To do:
Give every line from the entries that contains "Apartamento".

[Source records]

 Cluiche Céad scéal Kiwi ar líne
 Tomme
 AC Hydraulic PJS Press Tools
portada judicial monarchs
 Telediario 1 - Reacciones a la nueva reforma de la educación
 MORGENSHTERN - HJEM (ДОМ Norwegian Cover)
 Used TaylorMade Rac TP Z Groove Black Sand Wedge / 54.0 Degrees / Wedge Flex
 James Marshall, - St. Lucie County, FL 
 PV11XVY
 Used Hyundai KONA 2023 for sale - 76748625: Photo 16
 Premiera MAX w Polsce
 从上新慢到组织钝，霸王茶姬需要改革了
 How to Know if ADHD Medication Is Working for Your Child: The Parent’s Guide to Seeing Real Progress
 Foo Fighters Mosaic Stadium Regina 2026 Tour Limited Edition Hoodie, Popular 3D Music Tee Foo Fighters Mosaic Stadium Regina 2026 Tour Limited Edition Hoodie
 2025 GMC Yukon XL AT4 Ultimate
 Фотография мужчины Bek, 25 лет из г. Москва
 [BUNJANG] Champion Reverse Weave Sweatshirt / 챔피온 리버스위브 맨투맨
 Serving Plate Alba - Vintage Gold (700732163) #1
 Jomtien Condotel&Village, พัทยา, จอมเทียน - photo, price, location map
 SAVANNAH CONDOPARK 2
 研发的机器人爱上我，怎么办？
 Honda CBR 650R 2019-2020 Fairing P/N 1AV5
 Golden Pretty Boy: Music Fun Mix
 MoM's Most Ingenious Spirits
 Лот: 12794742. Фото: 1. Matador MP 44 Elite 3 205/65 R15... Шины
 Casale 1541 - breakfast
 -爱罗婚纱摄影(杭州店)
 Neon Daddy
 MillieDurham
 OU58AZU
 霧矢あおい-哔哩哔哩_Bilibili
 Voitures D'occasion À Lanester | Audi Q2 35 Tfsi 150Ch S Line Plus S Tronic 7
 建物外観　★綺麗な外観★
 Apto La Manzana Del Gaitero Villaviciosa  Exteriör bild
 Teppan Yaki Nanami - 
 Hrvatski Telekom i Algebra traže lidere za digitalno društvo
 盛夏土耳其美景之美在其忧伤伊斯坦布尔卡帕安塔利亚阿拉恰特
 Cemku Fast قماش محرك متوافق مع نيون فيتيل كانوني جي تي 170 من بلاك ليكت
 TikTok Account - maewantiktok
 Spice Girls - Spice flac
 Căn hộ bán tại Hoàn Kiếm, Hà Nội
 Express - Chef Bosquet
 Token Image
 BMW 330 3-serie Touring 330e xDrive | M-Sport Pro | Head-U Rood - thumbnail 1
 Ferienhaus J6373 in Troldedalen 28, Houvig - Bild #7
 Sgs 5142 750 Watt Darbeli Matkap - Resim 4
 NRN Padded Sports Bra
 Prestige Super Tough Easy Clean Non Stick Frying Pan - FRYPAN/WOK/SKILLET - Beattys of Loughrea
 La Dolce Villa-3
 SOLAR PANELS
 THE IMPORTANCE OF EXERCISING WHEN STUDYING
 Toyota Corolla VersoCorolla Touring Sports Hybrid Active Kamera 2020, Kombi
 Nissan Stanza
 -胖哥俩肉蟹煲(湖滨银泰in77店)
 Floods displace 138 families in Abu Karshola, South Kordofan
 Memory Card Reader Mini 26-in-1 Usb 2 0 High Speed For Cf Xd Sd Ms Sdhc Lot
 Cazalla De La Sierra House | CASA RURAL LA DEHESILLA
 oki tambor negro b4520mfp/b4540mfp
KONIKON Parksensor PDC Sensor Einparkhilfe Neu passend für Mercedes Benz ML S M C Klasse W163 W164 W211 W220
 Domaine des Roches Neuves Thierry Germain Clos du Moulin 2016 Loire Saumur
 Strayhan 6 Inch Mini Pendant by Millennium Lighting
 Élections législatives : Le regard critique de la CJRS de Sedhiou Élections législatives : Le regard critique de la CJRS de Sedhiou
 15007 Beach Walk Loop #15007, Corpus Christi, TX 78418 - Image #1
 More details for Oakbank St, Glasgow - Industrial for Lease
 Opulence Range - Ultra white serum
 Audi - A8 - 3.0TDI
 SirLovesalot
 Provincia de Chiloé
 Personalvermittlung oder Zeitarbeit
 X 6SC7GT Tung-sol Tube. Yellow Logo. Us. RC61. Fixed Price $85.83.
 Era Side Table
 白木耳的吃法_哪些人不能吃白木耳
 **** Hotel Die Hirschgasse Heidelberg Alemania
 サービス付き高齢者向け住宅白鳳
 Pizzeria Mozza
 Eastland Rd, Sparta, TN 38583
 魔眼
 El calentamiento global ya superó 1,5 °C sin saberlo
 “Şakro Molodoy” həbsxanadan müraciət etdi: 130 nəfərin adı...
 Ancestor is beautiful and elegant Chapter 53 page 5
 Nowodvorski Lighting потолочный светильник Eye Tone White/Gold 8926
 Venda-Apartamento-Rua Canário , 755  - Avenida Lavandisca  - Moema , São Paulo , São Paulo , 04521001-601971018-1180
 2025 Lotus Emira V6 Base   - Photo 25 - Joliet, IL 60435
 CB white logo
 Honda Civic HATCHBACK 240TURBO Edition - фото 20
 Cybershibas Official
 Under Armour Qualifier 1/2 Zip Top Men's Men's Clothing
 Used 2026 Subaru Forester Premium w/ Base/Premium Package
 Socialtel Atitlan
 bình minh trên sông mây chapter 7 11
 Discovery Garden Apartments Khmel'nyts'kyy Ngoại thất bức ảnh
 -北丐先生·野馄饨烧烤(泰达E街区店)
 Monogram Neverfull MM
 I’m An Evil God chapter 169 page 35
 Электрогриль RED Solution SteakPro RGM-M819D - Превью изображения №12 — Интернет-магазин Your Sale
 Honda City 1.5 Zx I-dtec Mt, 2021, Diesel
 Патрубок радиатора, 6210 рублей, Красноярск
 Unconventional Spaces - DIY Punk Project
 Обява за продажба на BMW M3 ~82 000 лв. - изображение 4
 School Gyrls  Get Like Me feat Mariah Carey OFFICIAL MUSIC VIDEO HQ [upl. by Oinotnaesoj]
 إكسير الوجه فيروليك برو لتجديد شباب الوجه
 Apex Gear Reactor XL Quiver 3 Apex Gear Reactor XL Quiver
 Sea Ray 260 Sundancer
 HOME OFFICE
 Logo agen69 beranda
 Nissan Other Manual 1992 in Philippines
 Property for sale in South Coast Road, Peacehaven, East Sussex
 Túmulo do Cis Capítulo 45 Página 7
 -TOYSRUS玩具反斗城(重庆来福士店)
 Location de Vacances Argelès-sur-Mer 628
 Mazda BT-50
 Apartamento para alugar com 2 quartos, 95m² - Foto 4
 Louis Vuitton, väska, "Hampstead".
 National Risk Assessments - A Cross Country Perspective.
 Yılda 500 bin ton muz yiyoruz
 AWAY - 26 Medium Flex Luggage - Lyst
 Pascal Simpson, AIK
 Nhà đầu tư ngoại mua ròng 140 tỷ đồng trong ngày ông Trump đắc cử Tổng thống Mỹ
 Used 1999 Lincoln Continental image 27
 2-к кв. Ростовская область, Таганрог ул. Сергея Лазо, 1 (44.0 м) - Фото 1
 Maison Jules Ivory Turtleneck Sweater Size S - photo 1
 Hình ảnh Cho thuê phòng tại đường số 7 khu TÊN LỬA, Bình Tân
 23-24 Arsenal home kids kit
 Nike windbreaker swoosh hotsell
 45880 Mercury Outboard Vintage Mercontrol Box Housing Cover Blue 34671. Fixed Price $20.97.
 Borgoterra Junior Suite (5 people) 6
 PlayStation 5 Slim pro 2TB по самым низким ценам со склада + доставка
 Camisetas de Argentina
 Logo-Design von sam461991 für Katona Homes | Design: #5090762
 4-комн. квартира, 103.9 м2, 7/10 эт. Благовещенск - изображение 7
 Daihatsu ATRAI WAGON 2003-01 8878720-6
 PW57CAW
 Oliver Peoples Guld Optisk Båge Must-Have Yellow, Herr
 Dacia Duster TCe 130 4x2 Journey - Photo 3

Expected answer:
 Venda-Apartamento-Rua Canário , 755  - Avenida Lavandisca  - Moema , São Paulo , São Paulo , 04521001-601971018-1180
 Apartamento para alugar com 2 quartos, 95m² - Foto 4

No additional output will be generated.